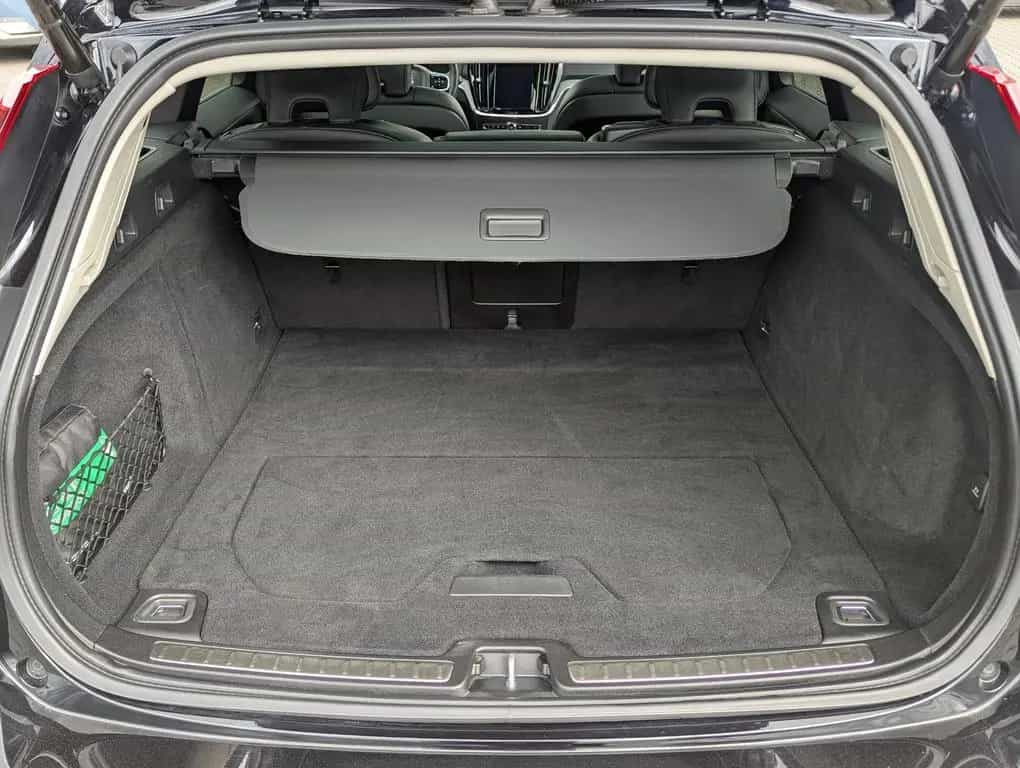 Volvo V60 Inscription PANO LED ACC MEMORY H&R AHK 360° 01/2022-photo-7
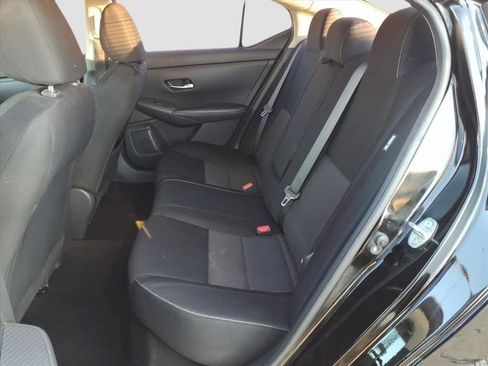 Used 2020 Nissan Sentra SV image 23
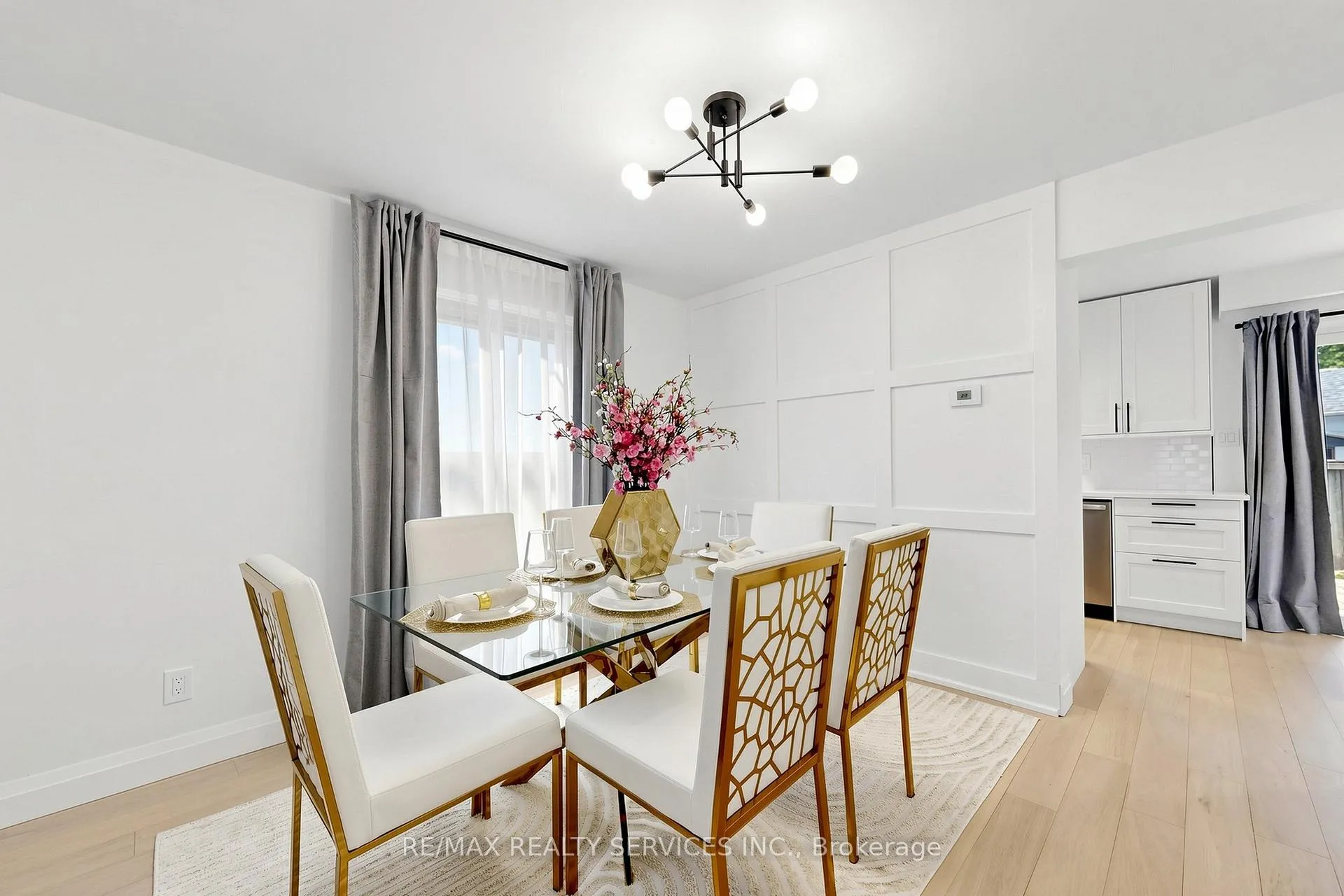 Photo 8 of 26 Mayfair Crescent, Brampton, Central Park — HOMEH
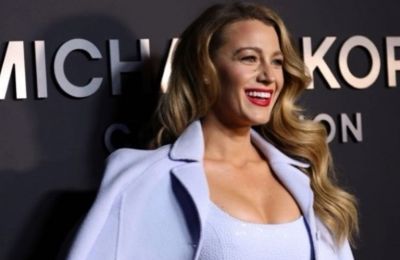 Blake Lively: Μας δείχνει το κορμί της 5 μήνες μετά την γέννα 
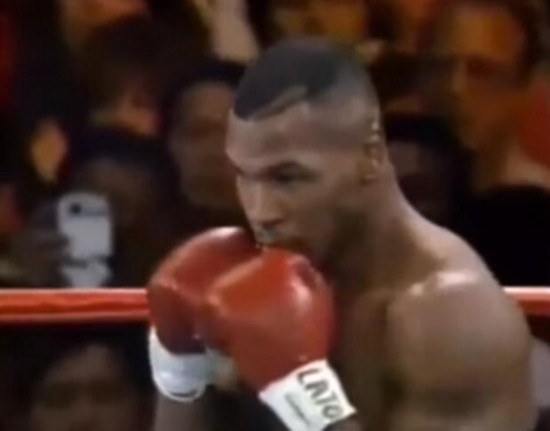 拳王泰森95年比赛视频惊现智能手机引热议(图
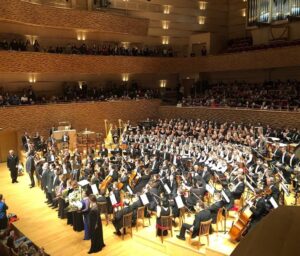 Valery Gergiev Instagram - После исполнения Симфонии № 8 Густава Малера. ⠀ 
After the Concert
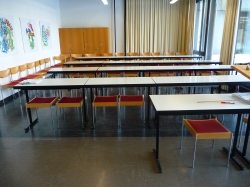 Seminarraum Y44-H-05: Raum von der Tafel aus gesehen.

━━━━━━

TASK STATEMENT: Once the pictures are set aside, repeat the data above exactly as written.

RESPONSE TO THIS EXERCISE:
 Volvo V60 Inscription PANO LED ACC MEMORY H&R AHK 360° 01/2022-photo-7
 Used 2020 Nissan Sentra SV image 23
 Photo 8 of 26 Mayfair Crescent, Brampton, Central Park — HOMEH
 Blake Lively: Μας δείχνει το κορμί της 5 μήνες μετά την γέννα 
 拳王泰森95年比赛视频惊现智能手机引热议(图
 Valery Gergiev Instagram - После исполнения Симфонии № 8 Густава Малера. ⠀ 
After the Concert
 Seminarraum Y44-H-05: Raum von der Tafel aus gesehen.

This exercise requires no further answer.